Welcome to Incels.is - Involuntary Celibate Forum

Welcome! This is a forum for involuntary celibates: people who lack a significant other. Are you lonely and wish you had someone in your life? You're not alone! Join our forum and talk to people just like you.

Discussion What was your first blackpill?

BrapZilian

BrapZilian

Hello IT
★★★★★
Joined
Nov 4, 2019
Posts
3,320
For me it was when I noticed that almost all people in entertainment were chads in comparison to most people you see IRL
That's when I first noticed something was wrong...
 
good looking people in my high school got laid while the nerdy outcasts were virgins
 
When the girl that friendzoned me in college started dating her rapist.
 
When I started losing my hair
 
When the girl that friendzoned me in college started dating her rapist.
holy fuck that is insane! that’d do it alright
As for me, having a foid I was going after vividly describe giving a blowjob to a guy in the local cvs parking lot in his car and then asking me for advice on how to meet him for another fuck session since she thought he ghosted her. It was too brutal
 
holy fuck that is insane! that’d do it alright
As for me, having a foid I was going after vividly describe giving a blowjob to a guy in the local cvs parking lot in his car and then asking me for advice on how to meet him for another fuck session since she thought he ghosted her. It was too brutal
Fucked me up for a few years bro.
Needless to say, I avoided her afterwards!

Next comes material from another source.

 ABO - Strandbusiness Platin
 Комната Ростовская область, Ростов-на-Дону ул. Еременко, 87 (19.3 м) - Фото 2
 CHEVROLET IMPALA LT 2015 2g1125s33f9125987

Yours was slightly more brutal.
 
When I realized the girls I went for in school preferred another guys who didn't care about them instead of me who were always there for them
 
When the only thing my white knighting and simping got was "awww you're so sweet", yet those same girls kept dating the unemployed and/or min wage Chadriguezes and Tyrones with a rap sheet as long as my manlet height.
 
When the girl that friendzoned me in college started dating her rapist.
I don't understand how anyone can take women seriously when they do such contradictory nonsense. A supposed adult with autonomy decided to date her rapist while still denouncing rape. And this gender is then considered to have the intellect to make their own decisions.
In some culture women have to marry their rapists.
 
when a girl called me ugly in middle school
 
Sometime around 2012 I noticed that being skinny puts me at the same SMV as a landwhale. Although now it doesn't even do that.
 
I don't understand how anyone can take women seriously when they do such contradictory nonsense. A supposed adult with autonomy decided to date her rapist while still denouncing rape. And this gender is then considered to have the intellect to make their own decisions.
In some culture women have to marry their rapists.
It was in the 80s. She never denounced the rape, she just calmly told me about it. Then next sentence was, we're going out now! As if she thought i would remain "her friend." I was like all disgusted with her.

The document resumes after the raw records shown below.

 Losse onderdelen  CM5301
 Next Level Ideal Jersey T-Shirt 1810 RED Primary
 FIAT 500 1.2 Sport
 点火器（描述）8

She was like, "I was raped... Now we're going out..." It felt like being stabbed, then slowly twisting the knife.
 
It was in the 80s. She never denounced the rape, she just calmly told me about it. Then next sentence was, we're going out now! As if she thought i would remain "her friend." I was like all disgusted with her.

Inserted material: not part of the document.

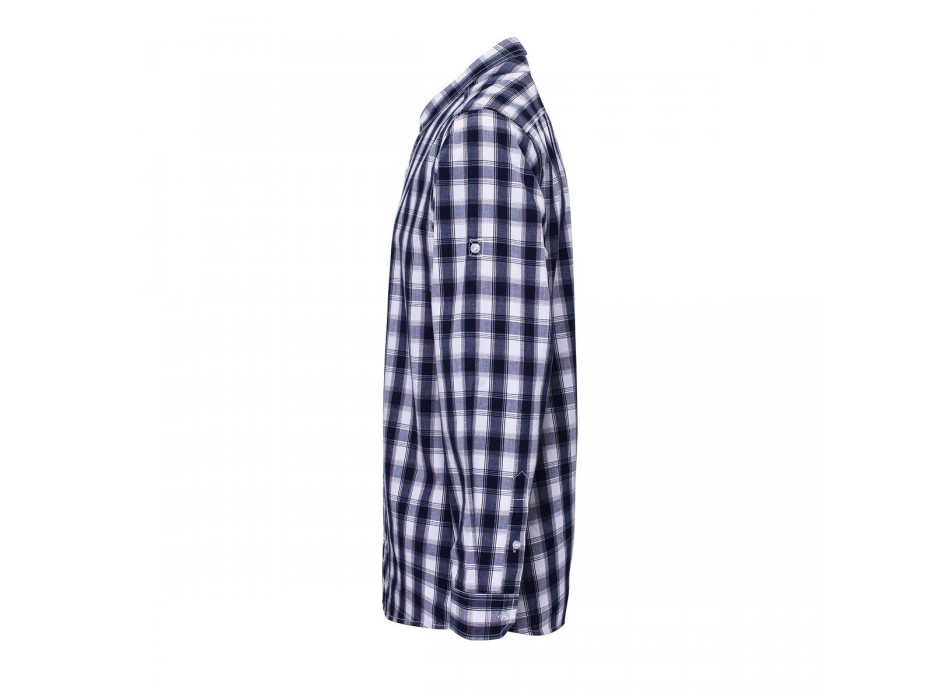 Mulligan Check - Men's Shirt 1 FullGadgets.com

She was like, "I was raped... Now we're going out..." It felt like being stabbed, then slowly twisting the knife.
im sorry to hear that, they really don't think before talking. or maybe she felt that it was perfectly ok, that it wasn't anything unusual. In their narcissism women often carelessly reveal so much about their nature
the first time the blackpill is taken is the most breathtaking and the most painful. at the same time it feels like a veil has been lifted and when previously you felt like there was something wrong but couldn't tell what, you now know. But the burden of truth is terrible.
 
im sorry to hear that, they really don't think before talking. or maybe she felt that it was perfectly ok, that it wasn't anything unusual. In their narcissism women often carelessly reveal so much about their nature
the first time the blackpill is taken is the most breathtaking and the most painful. at the same time it feels like a veil has been lifted and when previously you felt like there was something wrong but couldn't tell what, you now know. But the burden of truth is terrible.
It did seem like a brag.
 
In grades 1-4 I was enlisted in an after school study thing. There I had a particularly evil bully from another school who made my life miserable. He assaulted me physically and verbally every single day, as well as manipulate everyone to be against me.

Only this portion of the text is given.